A juíza do trabalho conclui:

– Por conseguinte, diante de todo o exposto e, destacando-se, em especial, a consideração dos aspectos temporais e econômicos; a ponderação e a proporcionalidade por envolver direitos fundamentais; e o princípio da continuidade do serviço público citado pelo exequente, limita-se o valor das multas somadas em R$ 3.000.000,00 (…) A destinação do importe deverá ser a saúde, especificamente, na aquisição de equipamentos para Hospitais e/ou postos de saúde no Estado, a ser estabelecida pelo Ministério Público do Trabalho, o que se justifica – não só porque a saúde no Brasil é aquém da necessidade da sua população, mas igualmente em razão do momento grave pelo qual se passa.

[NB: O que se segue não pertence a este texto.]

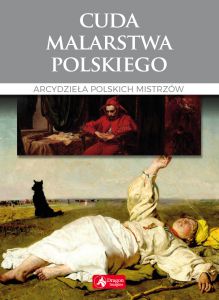 Cuda malarstwa polskiego arcydzieła polskich mistrzów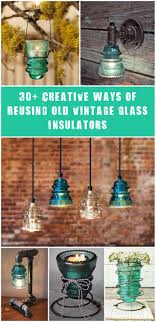 30 Creative Ideas Using Vintage Glass Insulators Glass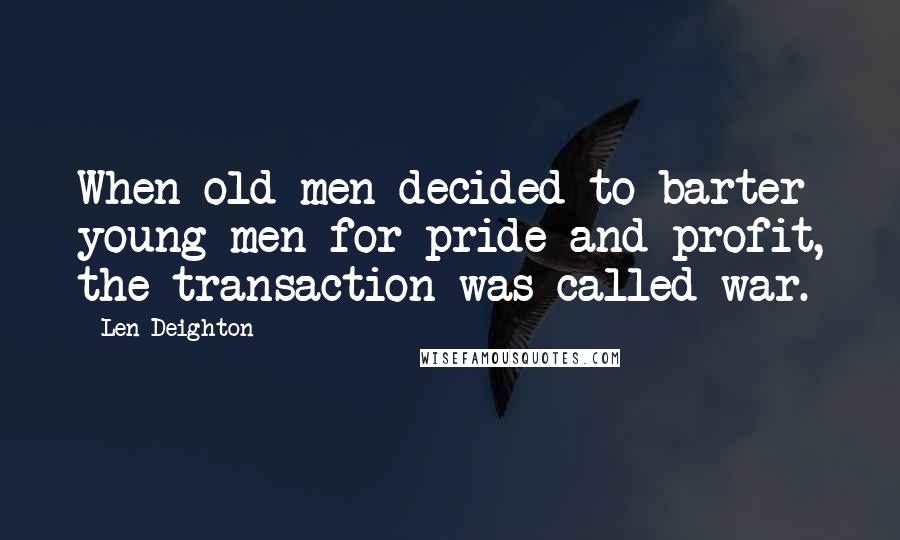 Len Deighton Quotes: When old men decided to barter young men for pride and profit, the transaction was called war.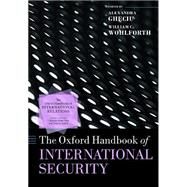 The Oxford Handbook of International Security by Gheciu, Alexandra; Wohlforth, William C., 9780198854623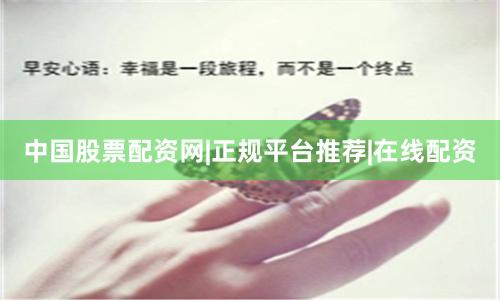 中国股票配资网|正规平台推荐|在线配资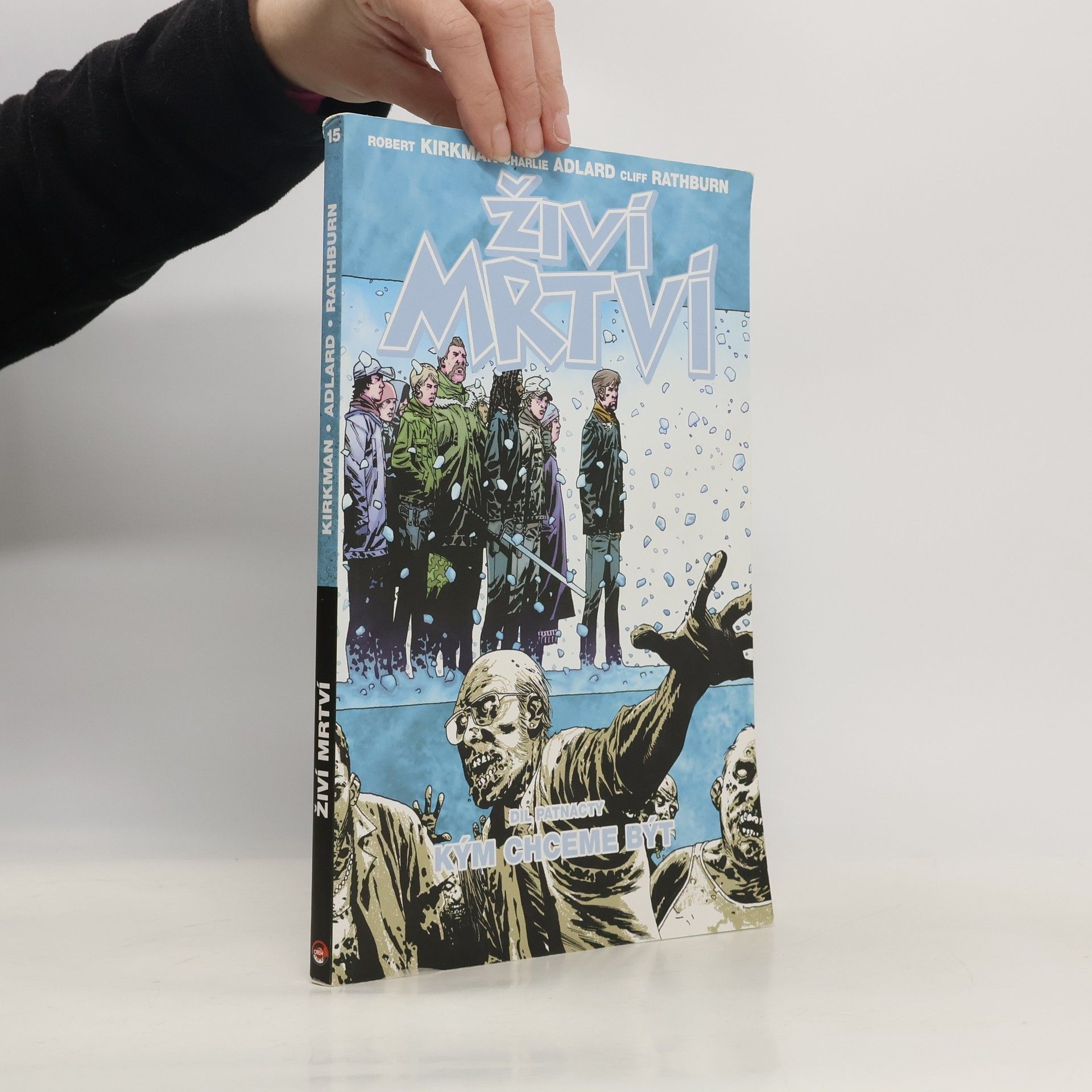 Robert Kirkman Živí mrtví. Díl patnáctý, Kým chceme být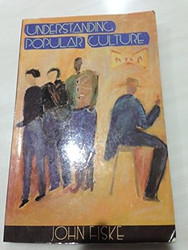 Understanding Popular Culture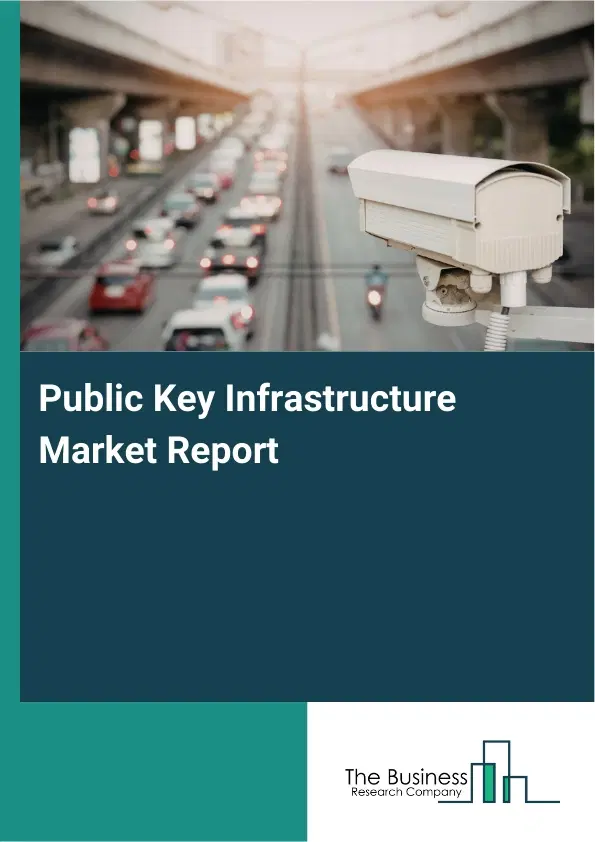 Public Key Infrastructure Market Report 2026 Public Key Infrastructure Market Report 2026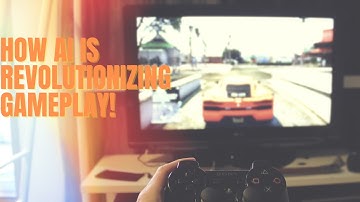 The Future of Gaming: How AI is Revolutionizing Gameplay!
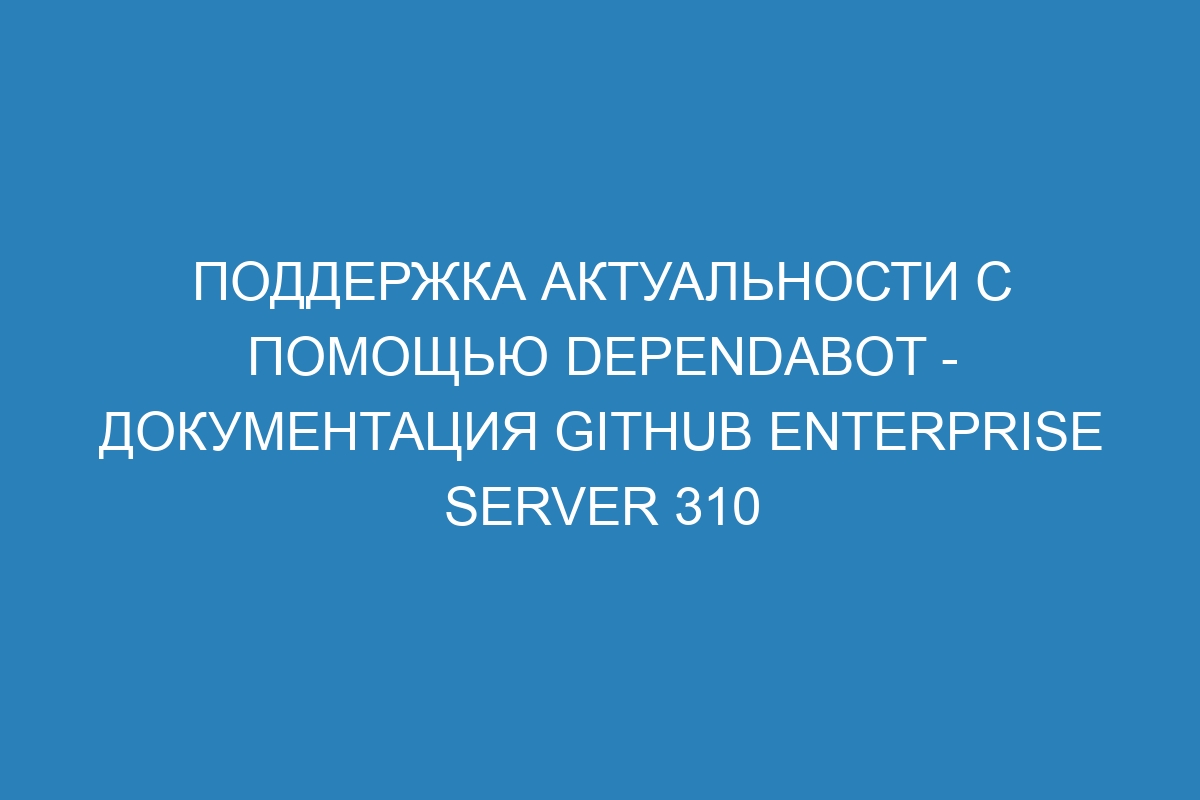 Поддержка актуальности с помощью Dependabot - документация GitHub Enterprise Server 310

Ao fim, é uma boa notícia para Gravataí. Em vez de mandar mais de R$ 22 milhões para um fundo em Brasília, a Prefeitura poderá investir R$ 3 milhões na rede de saúde municipal. Isso caso a decisão não se reverta para pior em tribunais superiores. O Processo, de Kafka, não é nada além de uma alegoria da Justiça, onde “a compreensão duma coisa e a má interpretação da mesma coisa não se excluem completamente”.